I save all photos into a RAW folder within a folder named with the number it is in the queue, the wedding date and the couple’s names. The file names are named after my cats!

My filing system
Over the next few days I pick out a selection for a blog post/preview using Photomechanic and Lightroom (Todd does this now, while I watch Don’t Tell the Bride). I don’t blog all weddings, but either way my couples get a preview. I’ll be honest, I just choose my personal favourites for this preview, but my couples can rest assured that there are plenty of pretty, calm, non-gurning photos too! It’s just that I like the silly, gurning ones, so they go on the blog 😉 These are the photos that attract my future couples – and I love having couples who love fun photos!

I love silly fun photos so much. These photos are what make a wedding day!
I upload the chosen and edited photos to my blog/facebook/Zenfolio (oof, Zenfolio was awful and I’ve now killed it off and moved all my galleries to Pic Time) where my couples can download them, I then send an email to the couple to let them know, then sit on the edge of my chair for their reply (even though I have confidence in what I do and am always super happy with the work I produce, there’s always The Fear) (very much still true and will be the one fact that never gets updated in this post!). I then pop a few pics on Instagram – I’ve been doing 1 or 2 a day since they changed the algorithm (haha as if they only changed the algorithm once. I now do my Instagram in fits and starts, so no one should be offended if they don’t get Grammed). This is all part of my marketing – my kinda couples tend to use Instagram (more Stories these days) – photo-loving people! It’s also so my couples can easily share their photos.
I totally intend to cull all the images in the first few days after the wedding (by cull I mean choose the ones to keep) but sometimes I just choose the preview pics as it’s loads quicker and I can get the preview out faster. I use Photomechanic to cull, which is super fast, although I take like 6,000 photos, so not so fast. It takes a couple of hours to cull a whole wedding if I’m totally head-down on it, but I never am, so it takes a couple of days of stop-starting. I think once I did it in one go. Once.
I usually cull down to about 800 images, which means I throw out any blinkers, blurries (unless they’re “artsy”), and any that are basically duplicates. I take so many photos because I “shoot the moment” as they say. I really go for it. I want to capture an awesome photo, not just an ok one. I want the head back, mouth open, tears of laughter photo that takes time and patience to capture, not the smile-at-the-beginning-of-a-funny-story-another-guest-is-telling-photo-and-then-miss-the-big-laugh-cos-I-walked-away photo, which is easy to do. I don’t mind if I’m not shooting 100% of the time and that people think I’m slacking off (I don’t think they do think that, it’s just my paranoia!). I’m watching, listening, waiting. Then shooting like crazy when the moment happens! So I have to go through a lot of similar photos picking out the absolute best ones. I never throw away an image just because I’ve reached a quota – all the ones I deem worthy of inclusion go in. This is more work for me (or Rachel more precisely (now Todd, sorry Rachel! It’s easier to chuck the hard drive at someone in the same building!) but it’s worth it.

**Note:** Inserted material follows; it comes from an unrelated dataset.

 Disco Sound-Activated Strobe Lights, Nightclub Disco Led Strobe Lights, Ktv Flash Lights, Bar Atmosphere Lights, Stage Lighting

I probably took a hundred photos to nail this corker (I recently hung out with these guys and took photos of them and their kids – so much time has passed!)
Over the next few weeks I spend my days culling weddings and exporting the Lightroom (like Photoshop but better) catalogs to send to Rachel my editor (her existence means I can have a life and sit in the garden (I miss having a garden – this is now replaced with “watch cat videos on YouTube”) and swim in the sea! (what an active person I was! I really did do this! Now I spend the time creating content and courses for photographers. Otherwise, this is now the same except I don’t actually do anything myself, Todd does it all!) When the weddings come back from Rachel (Todd) I check them over, export them, check them again, then upload to Zenfolio (Pic Time), where I keep all my client galleries. Urgh the word client. Couples’ galleries. I then email my couple with their full gallery and go back to that spot on the edge of my seat.

My Zenfolio couples galleries (Now looks a lot better on Pic Time):
I used to send weddings on USBs in a wooden box but I had to be honest with myself and stop doing the things I wasn’t enjoying. I partly stopped doing USBs because they’ll soon become obsolete (yup, they did, for me at least! I don’t even have a USB hole in my laptop), plus a lot of my couples don’t have USB holes, but mainly because it took up aaaaaall my time. I’d spend entire days just wrapping up boxes and trudging to the Post Office.
Some couples get albums, which I design using Smart Albums – an expensive but nifty piece of software that allows me to design beautiful layouts fast. I love making albums, I think they’re great to have to show people your photos.
In between culling and checking edits I chat to my virtual colleagues on Facebook – these are 3 (now about 8!) fellow wedding photographers who are all based on the outskirts of London, so not close enough to work together in person. We do meet up every few weeks though, like a school trip. Most recently we all went to Milan on a little street photography excursion! It’s usually hanging out for lunch at one of our houses though, not always Milan! (It’s most often board games at someone’s house to be honest! But we have all been to Gran Canaria together since this post!)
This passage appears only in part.